Der perfekte Tag? Der längste Tag!

Wird es der perfekte Tag werden, dieser 8. Juli 2012 beim Challenge Roth? Das können wir in dieser frühen Phase des Rennens noch nicht sagen. Sicher ist, dass es für die meisten der rund 5000 Triathletinnen und Triathleten, die sich ab 6.30 Uhr auf den Weg gemacht haben, der längste und der schwerste Tag des Jahres werden wird. 3,8 km Schwimmen, 180 km Radfahren und 42,195 km Laufen stehen auf dem Programm.

 


Die, die sich das antun, tun es nicht bei irgendeinem Wettkampf. Sie sind dabei beim größten Langdistanz-Triathlon der Welt, der darüber hinaus heuer die Offizielle Europameisterschaft der Europäischen Triathlon-Union (ETU) ist. Erstmals seit 25 Jahren feiern die Ausdauersportler damit wieder einmal eine echte „Euro“ im Fränkischen.


Die Bedingungen für ein schnelles Rennen sind gut. Angenehme 18 Grad beim Schwimmstart, der Himmel nur leicht bewölkt. Bunte Heißluftballons grüßen von der Gegenseite des Ufers, über dem Kanal schwebt ein ferngesteuerter Zeppelin.

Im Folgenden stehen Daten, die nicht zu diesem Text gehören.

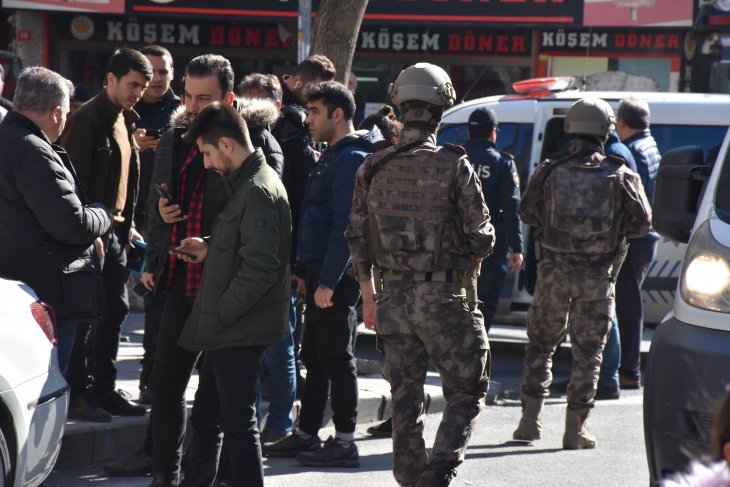 Eski ortakların silahlı kavgası kanlı bitti: Baba ve oğlu öldü, 1 yaralı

Hier, an der Lände Hilpoltstein, machen schon am frühen Morgen tausende von Fans einen Höllenlärm. Und die Jungs und Mädels im Wasser scheint das zu motivieren. An der Spitze gehen die Athleten ein unglaubliches Tempo, peitschen mit mächtigen Armschlägen durchs Wasser.


Schnellster der ersten Startgruppe ist wie im Vorjahr der Franzose Benjamin Sanson. Er hat nach 45:58 Minuten wieder Land unter den Füßen.  Aber sein Vorsprung ist nicht groß. Alle Favoriten sind noch vorne dabei. Schnellste Frau ist  erwartungsgemäß Lucie Zelenkova-Reed (47:31). Favoritin Rachel Joyce folgt mit nur 6 Sekunden Abstand. Doch das Rennen ist noch lang. Sehr lang.